Satoshi Ikeuchi, Professor of Religion and Global Security, the University of Tokyo

The conflict between Israel and Gaza since May 10 evokes a series of déjà vu for outside observers. It is as if the same series of events keep occurring every 6 years or so, in 2008, 2014 and this year 2021.

As always, when clashing over the ownership of land and domination of sanctuaries intensifies in Jerusalem, Hamas joins the fray, by firing barrages of rockets and missiles as if it is an obligation to show its presence in such circumstances.

As always, Hamas’ entrance into the scene changes the entire situation, giving Israel a legitimate cause of self-defense, faced with 3000 rockets being fired on it in around one week.

As always, Israel hit back harshly, dozens of and hundreds of times more severely, igniting an inconclusive debate on proportionality.

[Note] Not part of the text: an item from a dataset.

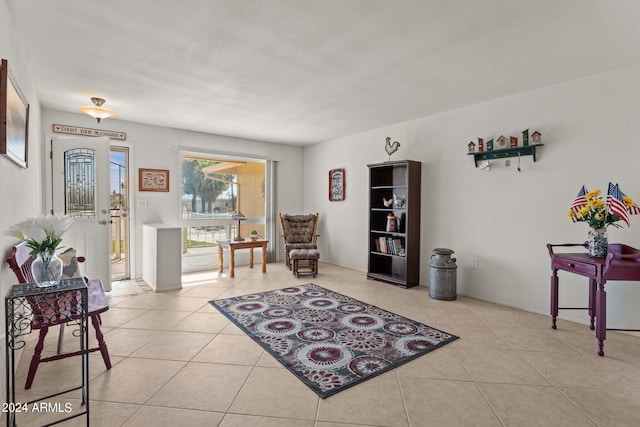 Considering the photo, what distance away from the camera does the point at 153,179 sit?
485cm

As always, the United States, either with Democratic or Republican president, shows its support to Israel’s right of self-defense unequivocally. It urges self-restraint, expresses concern about civilian casualties and supports ceasefire but not immediately. For the moment, it keeps asking both sides to de-escalate the situation and when unintended collateral damages mount, it starts urging an end to hostilities as soon as possible but not immediately, demanding Israel to finish dismantling Hamas’ deadly arsenals as soon as possible.

As always, after dozens of deaths in Israel and hundreds of deaths in Gaza, after several short poses of fighting for humanitarian assistance and after several broken truces, a ceasefire holds, with all the problems unsolved and left for the future conflicts. The draft UN Security Council resolution will be shelved or upheld nominally.

It is as if everything is happening as a replay of what happened before.

However, there are a few aspects that may have changed. One change that may be brewing under the surface is the change in the U.S. strategic assessment. President Biden’s support for Israel’s security is unwavering but may not be unfettered, compared with the previous administration.

Dwight D. Eisenhower, the U.S. President from 1953 to 1961, withheld support for the tripartite aggression on Egypt in the Suez Crisis in 1956, prioritizing confrontation with the Soviet Union which was invading and cracking down on the Hungarian Uprising of the same year.

Biden administration is pressuring China on the claimed genocide of Uyghur people and imposing sanctions on Myanmar’s military junta for the cracking down on protesters. The prolonged use of forces by Israel on Gaza could pose a greater concern for Biden administration for its global strategy confronting China on human rights agenda and may lead to a call for an immediate ceasefire, earlier and stronger than usual.